Usually only use high speed during the winter in defrost mode, could try hitting this button to learn if that sound changes.


----------



## Merc6 (Jun 8, 2013)

NickD said:


> Can I get a six speed fan switch for my 2012? Ha, bet not, would also have to change the BCM, but if they do this, my fog lamps won't work. Can't win.
> 
> Usually only use high speed during the winter in defrost mode, could try hitting this button to learn if that sound changes.


One member attempted it but we aren't 100% if they got it working. It did need a dealership visit but the confusion was if they needed to use a vin from a 13+14 6 speed fan Cruze.


----------



## jblackburn (Apr 14, 2012)

Are all the dash vents open...?

Do you have lots of papers and stuff in your glovebox? I sucked in a couple gas receipts into the fan once.


----------



## Robby (Mar 1, 2013)

jblackburn said:


> Are all the dash vents open...?
> 
> Do you have lots of papers and stuff in your glovebox? I sucked in a couple gas receipts into the fan once.

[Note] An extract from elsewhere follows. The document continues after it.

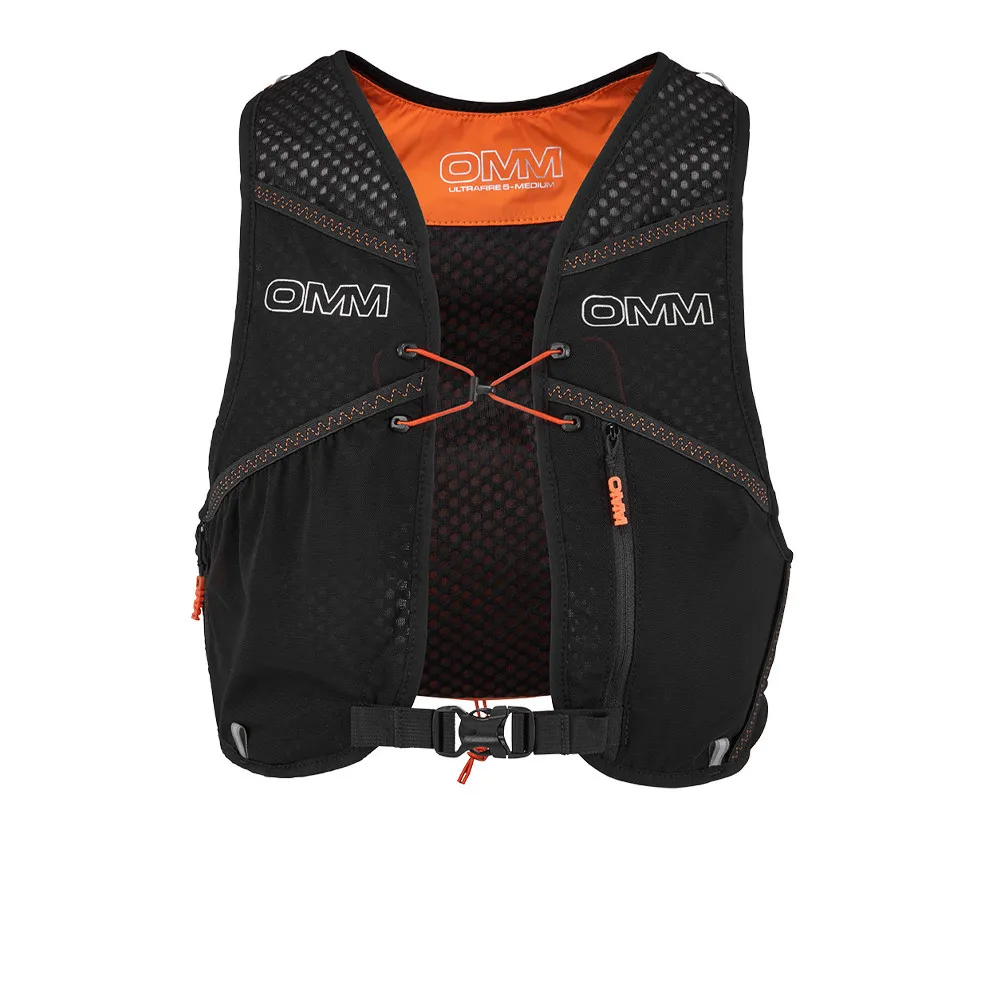 OMM Chaleco de running OMM UltraFire 5 (pequeño) - AW22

Ah ha ha ha.......good grief!

That glove box had to be some kind of full!

Ah, hah ha ha,

Rob


----------



## jblackburn (Apr 14, 2012)

Robby said:


> Ah ha ha ha.......good grief!
> 
> That glove box had to be some kind of full!
> 
> ...


Not really...I've just kept loose papers and stuff out of it since. I guess there's some kinda room between the cabin filter and back of the glovebox where it might be uncovered and creates a vacuum in the glovebox itself or something.


----------



## 14cruze1.4 (Oct 7, 2013)

mine does the same. but ill have to check my vents casue I keep my passenger vents closed.


----------



## jblackburn (Apr 14, 2012)

14cruze1.4 said:


> mine does the same. but ill have to check my vents casue I keep my passenger vents closed.


If I close the center & RHS vent, mine whistles on higher speeds.


----------



## Mo Cruze (Aug 29, 2014)

Thanks guys! Im gonna check out if it sucked anything up (i do have loose papers in there too) or if the cabin air filter is dirty i havent even checked it. The car has 12,000 miles bought it with 11,000. I may have the air vent toward passenger door closed as well. Maybe could be that. lol i check all this out next time i get in the car and let you guys know.


----------



## Mo Cruze (Aug 29, 2014)

Passenger side closet to door vent was closed. As soon as i opened the whistle went away.


----------



## Starks8 (Jul 20, 2011)

I've been having a high pitch whistle when using the HVAC controls myself. It's been there since new. I have yet to use the A/C this spring but I do tend to set it to 62 degrees (one setting above "low") and put the fan speed between 3-4 on the ride home. This high pitch whine/noise seems to be mostly noticeable on fan speed 3, but is present on the other fan settings too.The high pitch sound seems to match the level of the fan speed. At fan speed 1 & 2 I can still hear it but it's not as loud as when on speed 3 and when the fan speed is over 3, the high pitch noise gets somewhat drowned out by the faster and louder air noise. I think I have all my vents open and no trash has been sucked in from the glove compartment. 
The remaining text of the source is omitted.